An important innovation is the systemic risk council that will empower federal regulators, notably the Federal Reserve, to gather information from any firm that poses a threat to the financial system. This will help avoid the situation in which no regulator had responsibility for policing the AIG subsidiary that took enormous housing-related risks. Banks also will be required to hold more and higher-quality capital, meaning that shareholders will have extra money at stake before anyone looks to taxpayers for a bailout.
Also helpful for avoiding future crises are provisions in the bill that increase transparency by moving some derivatives trading onto exchanges and clearinghouses. This will help market participants and regulators spot potential risks that are now largely hidden from view.
The snag is that not all derivatives can or should be traded on exchanges -- some are so customized that they cannot be shoehorned into a poorly fitting regulatory system. The provision of the bill to dislodge some derivatives trading from banks is ill-conceived and will raise costs for users of commodity-related derivatives, such as farmers. Also poorly-considered is an attempt to change the way banks organize their internal trading, which will add costs but not reduce risk. These parts of the bill reflect the Obama administration's unfortunate lack of courage to stand against harmful but politically attractive provisions that don't actually solve a problem behind the crisis.
A further disappointment is that the bill doesn't do nearly enough to reduce the chance of future government bailouts or address the issue of "too big to fail."
The legislation provides the executive branch with so-called non-bank resolution power to take over a troubled firm that poses a risk to the financial system. The government could put money into the next Lehman Brothers and thus make some people better off as a result. Taxpayers eventually will be made whole, but the essence of a bailout is the intervention. The bill lets the executive branch start writing checks and will have government officials rather than the market choose winners and losers.

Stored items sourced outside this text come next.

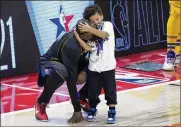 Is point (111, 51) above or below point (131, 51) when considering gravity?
above

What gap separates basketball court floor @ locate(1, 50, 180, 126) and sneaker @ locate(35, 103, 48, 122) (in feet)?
0.15

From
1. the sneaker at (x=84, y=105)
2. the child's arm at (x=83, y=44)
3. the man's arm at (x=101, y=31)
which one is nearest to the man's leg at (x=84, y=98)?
the sneaker at (x=84, y=105)

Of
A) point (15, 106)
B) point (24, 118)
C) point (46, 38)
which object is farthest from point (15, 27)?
point (24, 118)

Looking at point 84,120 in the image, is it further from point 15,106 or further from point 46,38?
point 46,38

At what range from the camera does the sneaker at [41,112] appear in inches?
136

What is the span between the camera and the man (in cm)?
326

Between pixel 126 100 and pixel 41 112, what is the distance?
86 centimetres

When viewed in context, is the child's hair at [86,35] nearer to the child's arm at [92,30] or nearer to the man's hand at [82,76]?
the child's arm at [92,30]

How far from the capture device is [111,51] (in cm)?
333

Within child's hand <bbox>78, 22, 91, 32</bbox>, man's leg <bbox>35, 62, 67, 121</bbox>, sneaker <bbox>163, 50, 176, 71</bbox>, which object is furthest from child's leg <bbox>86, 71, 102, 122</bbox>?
sneaker <bbox>163, 50, 176, 71</bbox>

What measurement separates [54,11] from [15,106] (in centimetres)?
184

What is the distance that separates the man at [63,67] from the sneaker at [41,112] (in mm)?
62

Perhaps worst of all is that this ability for the government to undertake bailouts gives firms an incentive for riskier behavior and thus makes future bailouts more likely rather than less.
The new consumer protection agency could be a force for good if it increases consumer information and education and cracks down on banks' abusive practices. But one can easily imagine a headline-loving agency head tilting at imaginary risks, while leaving American families and firms with the downside of less lending at higher interest rates.
This highlights the fact that the ultimate impact of the bill depends on how it's implemented by regulators who are given enormous new powers to interfere in the financial system.
We have outstanding and well-meaning people in the financial regulatory agencies, but these same regulators already had considerable authority to gather information and act upon it, and yet didn't stop the last crisis.
There are helpful aspects to the financial regulatory reform bill. But despite President Obama's assertion, it is hard to imagine that giving government officials more power will prevent crises from happening again.
And it would be ironic if the negative impacts of the bill in terms of reduced lending start to affect the economy over the next two years, leading to slower growth and job creation that shows up in 2012 just as the president faces re-election.
Phillip Swagel is visiting professor at Georgetown University's McDonough School of Business. He served as assistant secretary for economic policy at the Treasury Department from 2006-2009.